### Your instructions
Your reply should set down word for word each line below from the one with "Hajime No Ippo 167 trang 7" through the final line, both included, but none of the pictures.

### Provided material

- Opening Delimiter -

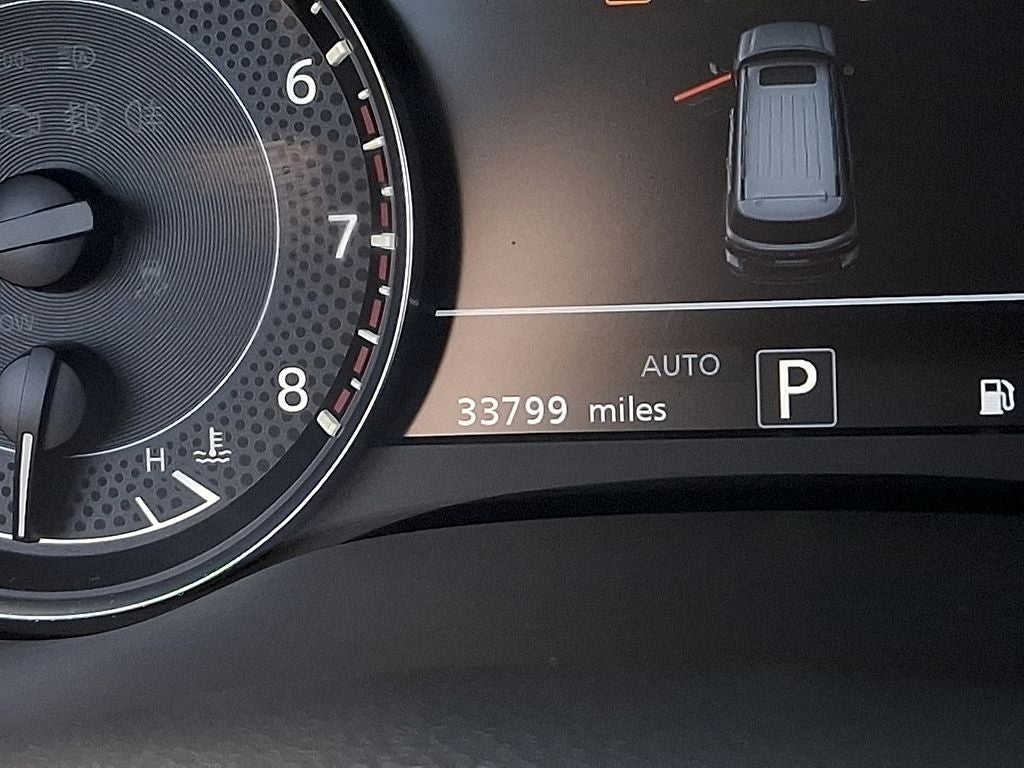 2023 Nissan Armada Platinum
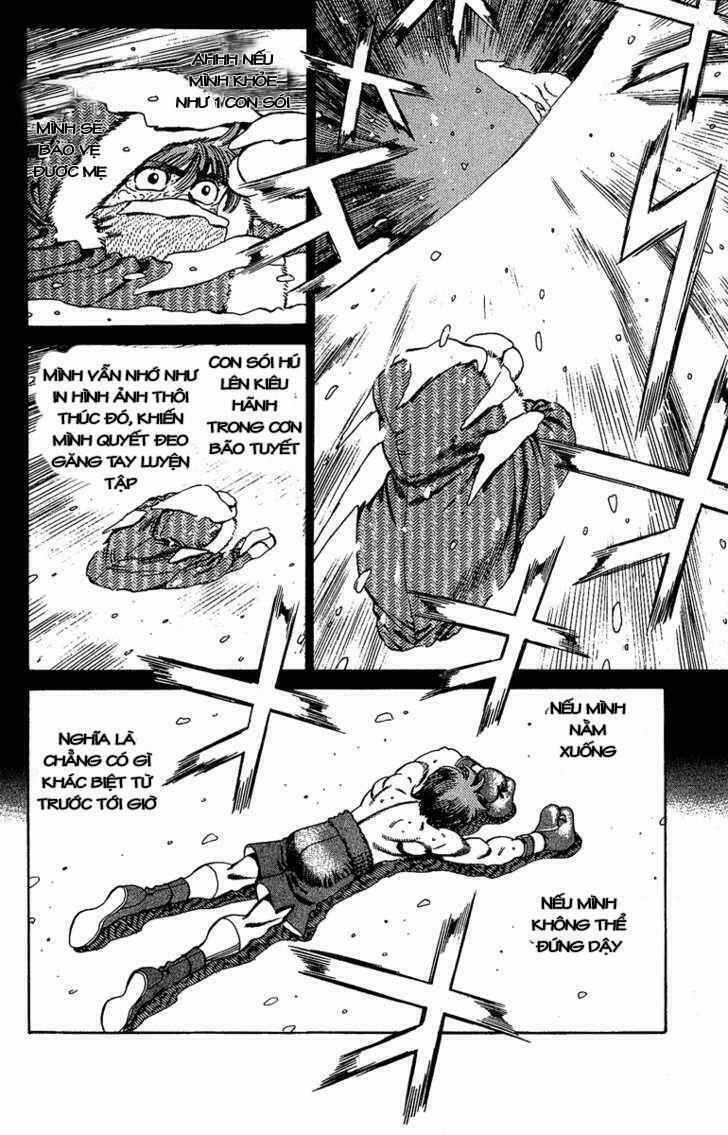 Hajime No Ippo 167 trang 7
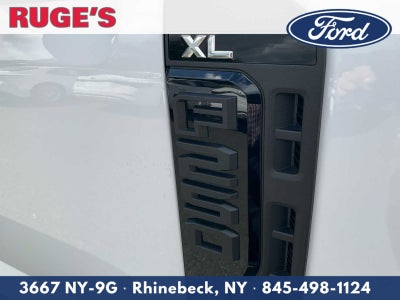 2027 Ford Super Duty F-250 SRW XL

- Closing Delimiter -

### Solution
 Hajime No Ippo 167 trang 7
 2027 Ford Super Duty F-250 SRW XL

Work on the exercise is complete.